Des modes infinis immédiats sont donc directement issues les notions communes à tous les corps : mouvement, repos, étendue. On nage ici en plein océan métaphysique, si on accepte la définition de la métaphysique qu’en donne Michael Esfeld :
« La métaphysique étudie les mêmes objets que la physique, à savoir la nature au sens des objets qui existent dans le monde indépendamment de nous, mais elle le fait à un niveau plus général et fondamental que la physique : elle ne s’occupe pas de certains objets en particulier (…) mais de ce qui caractérise tous les objets. (…) la métaphysique cherche à dégager les traits caractéristiques qui appartiennent à tout ce qui est ».
Michael Esfeld, Physique et métaphysique
Unité du vrai
Les notions communes selon Spinoza incarnent l’unité du vrai, opposée à la multiplicité du faux. Ou encore : il n’y a pour Spinoza qu’une façon de dire le vrai, sur laquelle peuvent s’accorder tous ceux qui raisonnent, et une infinité de façons d’avoir tort. Une appréhension adéquate du monde doit s’affranchir de toute perspective singulière et avancer sur le chemin de la raison auquel chacun peut accéder à partir des notions communes, universellement partagées.
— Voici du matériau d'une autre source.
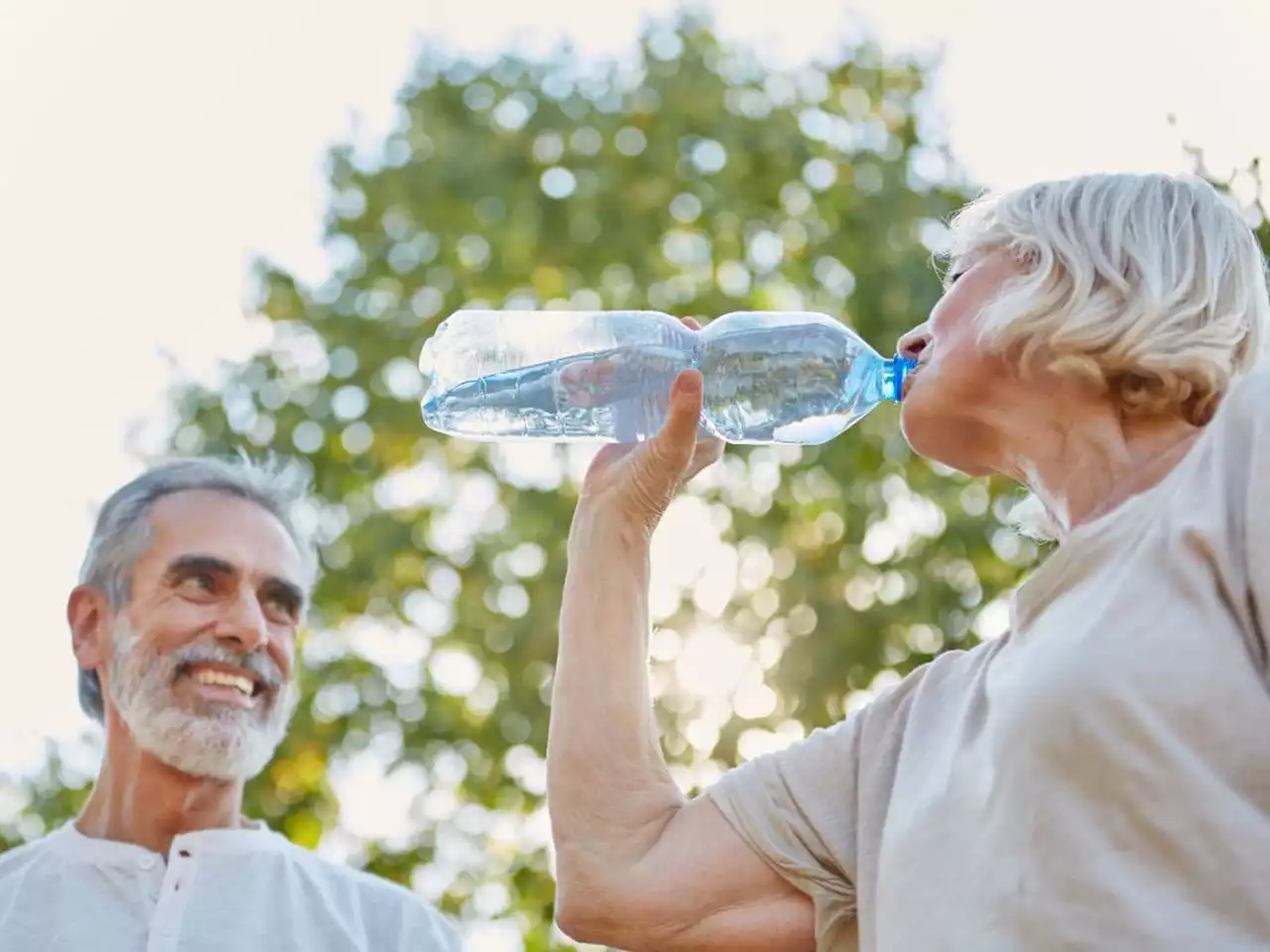 Miss Manners: Couple is baffled by dinner guests who bring their own bottled water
Spinoza souligne qu’il convient de ne pas confondre les notions communes et les universaux abstraits. De tels universaux (l’homme, la masculinité) ne le sont qu’en apparence dans la mesure où leur acceptation diffère selon les individus, là où le mouvement possède un caractère objectif et quantifiable.
En outre, les notions communes – qui représentent quelque chose de commun à tous les corps, le nôtre y compris – engendrent des idées adéquates ; c’est sur leur base que nous sommes à même de construire la géométrie, la physique et tous les champs scientifiques qui en découlent. In fine, l’emploi des notions communes dans le cadre du deuxième genre de connaissance (la raison) nous mène à ce qu’il y a de véritablement commun entre toute les choses: l’idée de Dieu. Et c’est précisément sur l’idée de Dieu que se fonde le troisième genre de connaissance.
Le troisième genre de connaissance : l’intuition
L’intuition est chez Spinoza une forme de méta-rationalité non discursive ; il l’abordera plus précisément dans le livre 5 de l’Éthique. Une telle intuition nous donne accès à l’essence singulière des choses (présentes en Dieu), là où la rationalité nous les fait (simplement) comprendre par leurs causes et par le recours aux notions communes. La connaissance intuitive est l’intégration du fait que l’idée de chaque chose singulière renvoie à l’idée de Dieu – connaître quelque chose, c’est donc connaître Dieu.
Les connaissances du deuxième et du troisième genre nous mènent à l’élaboration d’idées vraies, qu’accompagne la certitude d’avoir raison. Le doute ne relève que du premier genre de connaissance, alors que la certitude est inhérente à l’idée vraie. Spinoza s’inscrit donc en faux contre Socrate lorsque ce dernier affirme : « Je sais que je ne sais rien ». Les notions communes constituent le fondement universellement partagé de tout savoir.